Had the mover of the motion calling for the amendment of the constitution provided some alternative proposals, specially elected Member of Parliament, Botsalo Ntuane, could have supported the latter part of the motion by opposition MP Akanyang Magama, which called for the abolishment of automatic succession to the presidency by the vice president.
Unlike his fellow BDP Members of Parliament, who contributed before him, Ntuane broke from the pack and castigated the current system as flawed and deficient.
“The automatic succession to the presidency by the vice president, whatever circumstances, has its own demerits and merits. One positive aspect is that the system promotes certainty and stability, which underpin national development agenda. On a negative note, the same system stifles ambitious ordinary MPs over ministers who are selected to a position of vice presidency. One cannot be appointed to a position of vice president without a ministerial post. Thus, the ambitious and intelligent ordinary MPs are overlooked in favour of ministers by virtue of their positions. The incumbent president also has the power to anoint his own successor, which is utterly not right. The system is thus flawed and deficient. Had the mover of the motion provided alternatives, I could have supported the last part of the motion that calls for the abolishment of automatic succession,” said Ntuane.
Magama recently requested government to amend Sections 32 and 35 of the constitution so as to ensure and provide for the direct election of the president by the electorate and abolish automatic succession to the presidency by the vice president on the death, resignation or ceasing to hold office by the president.
The maverick MP, who is eyeing the opposition strong-hold of Gaborone South-West constituency in the coming national general elections, maintained he subscribes to issues that call for fundamental national reforms.
“Botswana as a maturing and developing state is subject to introspections over issues affecting national institutions.”

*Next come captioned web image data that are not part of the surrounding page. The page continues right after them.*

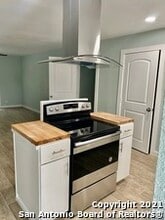 Stacey Bear Apartments in La Vernia, TX - Building Photo - Building Photo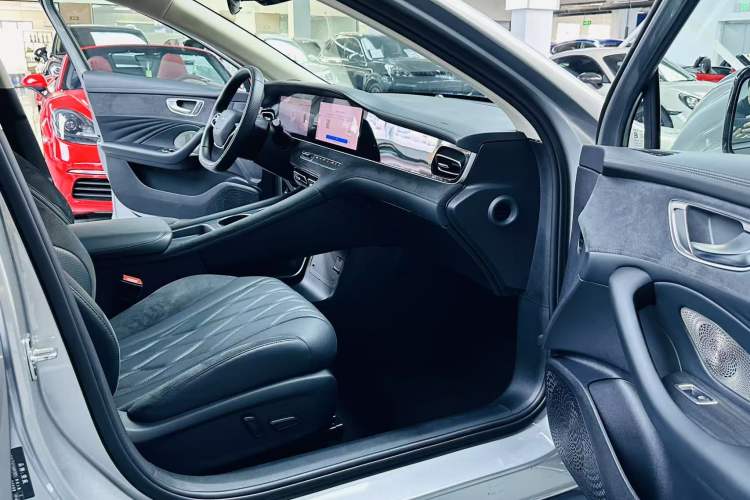 Used Roewe D7 2023 DMH 125km Flagship Edition Right Front Seat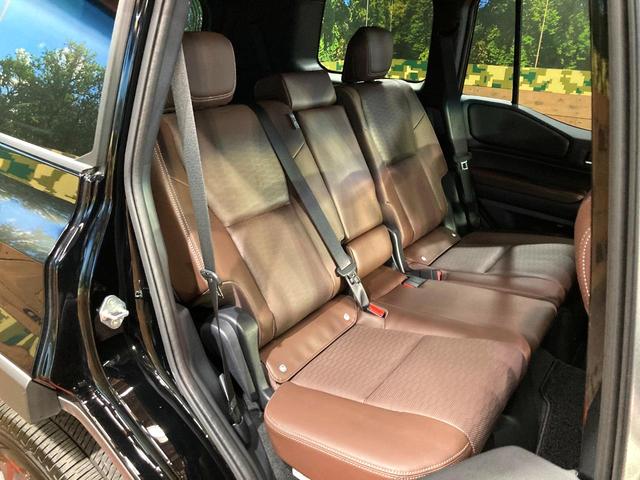 ランドクルーザー250 ZX 7人乗り サンルーフ 純正12.3インチディスプレイオーディオ 全周囲カメラ JBLサウンド 100V電源 衝突被害軽減システム レーダークルーズ 禁煙車 電動リアゲート 全席シートヒーター(9枚目)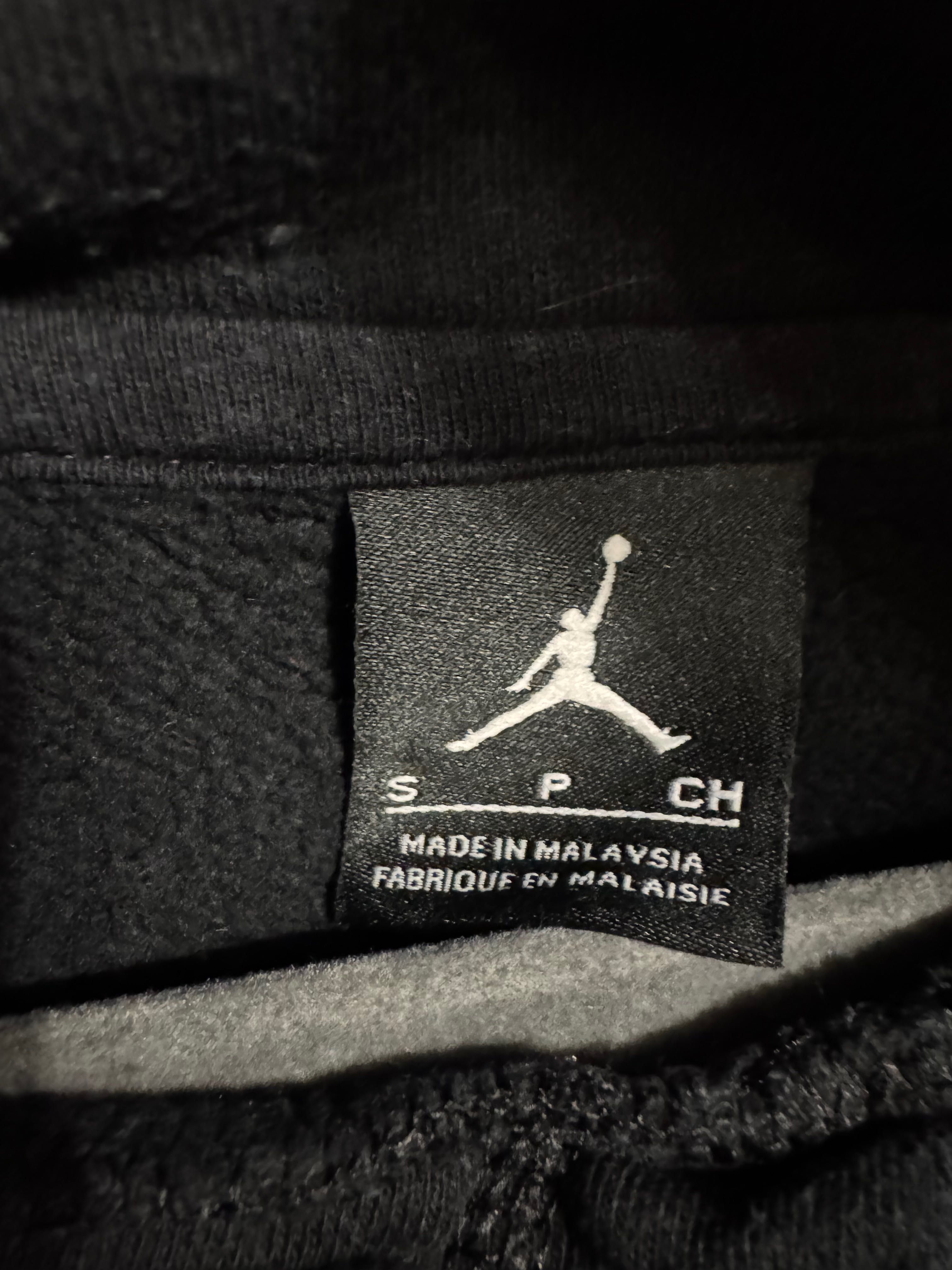 Jordan Essentials Men s Fleece Pullover Hoodie.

Ntuane, a former BDP publicity secretary, further attacked his fellow party members for not walking with time.
“This notion of ‘if it is not broken do not fix it’ is not good for a maturing and developinag nation. This country should be seen to be up-holding fundamental national reforms. We should be pro-active, forward looking and precipitate positive reforms,” charged Ntuane.
Contributing to the debate last week, Foreign minister, Mompati Merafhe, and Education Minister Jacob Nkate ridiculed the motion arguing nothing compels the constitution to be changed.
“If it is not broken do not fix it,” the Foreign Affairs minister argued last Friday.
The Education Minister emphasized, “O ka seke wa roke borokgwe bo sa kgagoga.” (You can not mend a trouser which is not torn).
Ntuane emphasized the importance of national reforms at the same time agitating for party funding during campaigns.
The move, he said, would alleviate corruption amongst aspiring politicians whose palms are often greased purely because of lack of capital.
“Democracy is expensive and should be sustained financially. To avoid instances where there are utterances such as ‘scratch my back and I will scratch your back’, the government should consider funding political parties to avoid corruption.”
Ntuane argued there are financially healthy individuals out there who are ready to assist politicians in the hope that they would be assisted in one way or the other.
“It is tough, especially in our constituencies which are the strongholds of the opposition. I am, however, pleased the outgoing president promised to look into the matter. Maybe the incoming president will see it necessary to fund the parties.”
On the other part of the motion, Ntuane said he was unequivocally opposed to the direct election of the president. South Africa and other neighbour countries are reeling and wallowing in the state of uncertainty and instability because of the system, he said.
“The system will hamper national developments and implementation of projects. Imagine a situation where the president is elected by the people and yet has no MPs in parliament. The system will promote personality cults and demi-gods with the president doing as he wishes largely because he thinks everything revolves around the people who voted for him.”
Earlier in the contributions, Lobatse MP Nehemiah Modubule called for independent presidential candidates arguing that if the same is afforded to the councilors and parliamentarians why not the presidential seat.
He maintained the 1997 constitution was amended to fit the shoes of the ruling party. The party, he said, was reeling from intense and severe factionalism.
Modubule dismissed statements of uncertainty and instability as being due or caused by the constitutional change.
“A directly elected president respects the people for such president knows it is the people’s vote that determines his occupation.”
He said a directly elected president would have substantial and legitimate powers that substantiate his endorsement of capital punishment.
Modubule said he was uncomfortable with an unelected president who endorses the death penalty when he was not elected by the people.
“Such a status fits a directly elected president,” Modubule argued.